She swaggered onstage in knee-length boots, hip-hugging breeches, silk-lined cloak and tricorn hat – the epitome of a pantomime principal boy.
This was perfectly appropriate for a concert of music from her album Sacrificium which explores works performed by opera’s most exotic performers, the castrati, who combined glorious singing with gender-bending and a dash of theatrical camp.
Apart from Handel, the 18th century composers whose music Bartoli brought so vividly to life – Broschi, Caldara, Araia – are now just footnotes in books of musical scholarship. She has unearthed some operatic gems, lavished upon them all her prodigious vocal talents and presented them with immense vivacity. Nicolo Porpora’s storm aria Como nave got us under way emphatically but his gentle Usignola sventurato, complete with bird calls and piccolo accompaniment, saw Bartoli create a hushed mood of pastoral repose.

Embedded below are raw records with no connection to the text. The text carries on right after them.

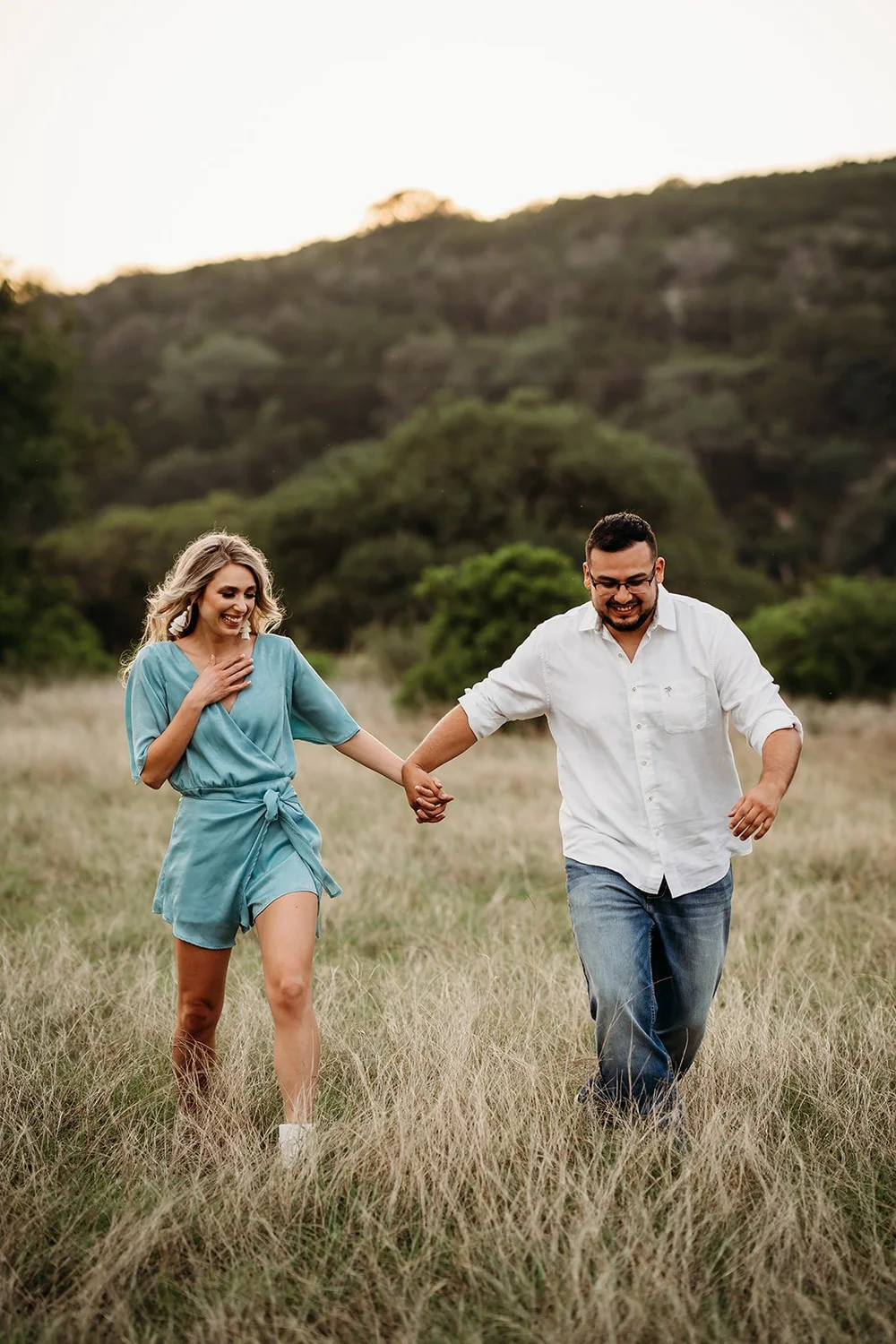 Romantic Summer Engagement Session at Riding River Ranch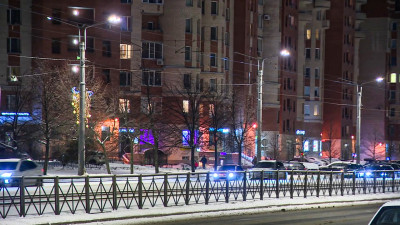 На участке улицы Савушкина установили более 300 новых светодиодных фонарей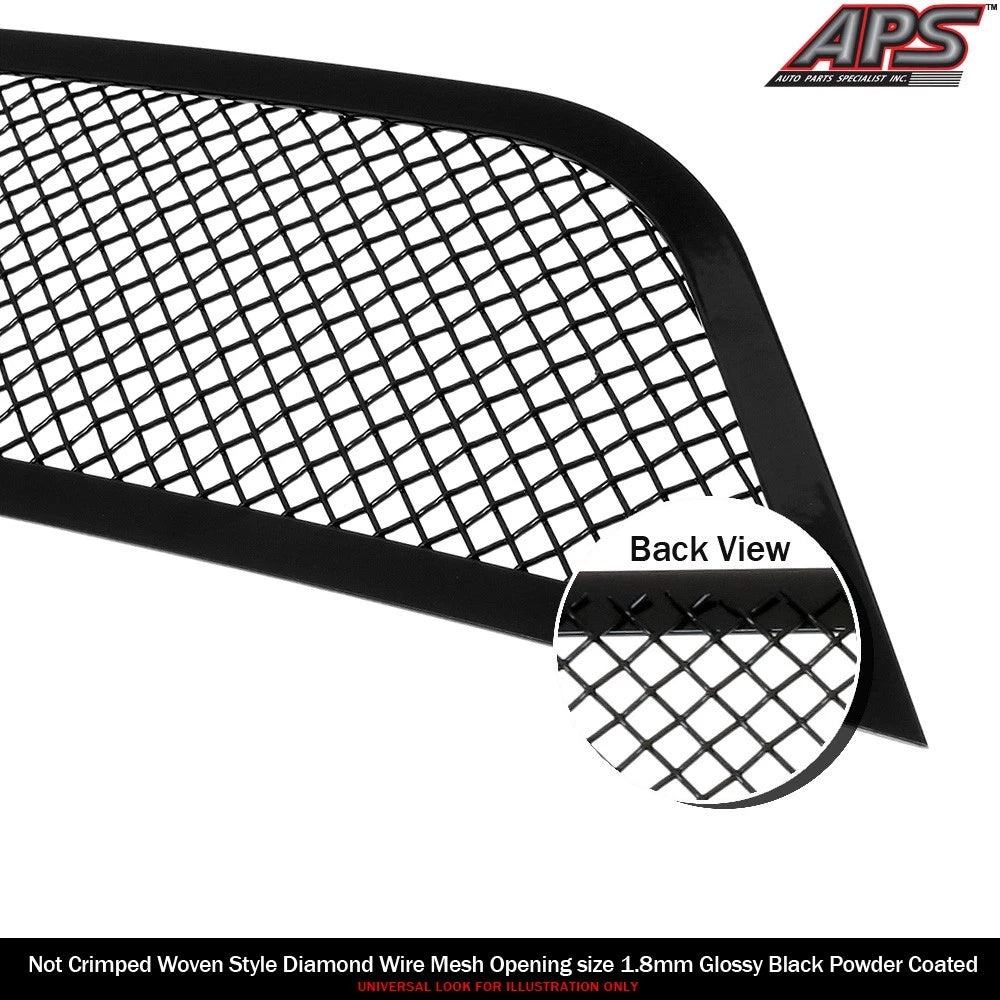 Stainless Black Mesh Grille for Dodge Durango RT/SRT (2018-2020)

The Kammerorchester Basel, under their exuberant leader Julia Schröder, gave splendid support both in the arias and the interspersed instrumental pieces by Porpora.
Castrati also sang female roles and for Porpora’s florid and rousing Nobil onda Bartoli donned crinoline flounces and ostrich feathers – both diva and divo. Bartoli’s singing, her beaming smile and showmanship reminds us that opera can be fun – her standing ovation was thoroughly deserved.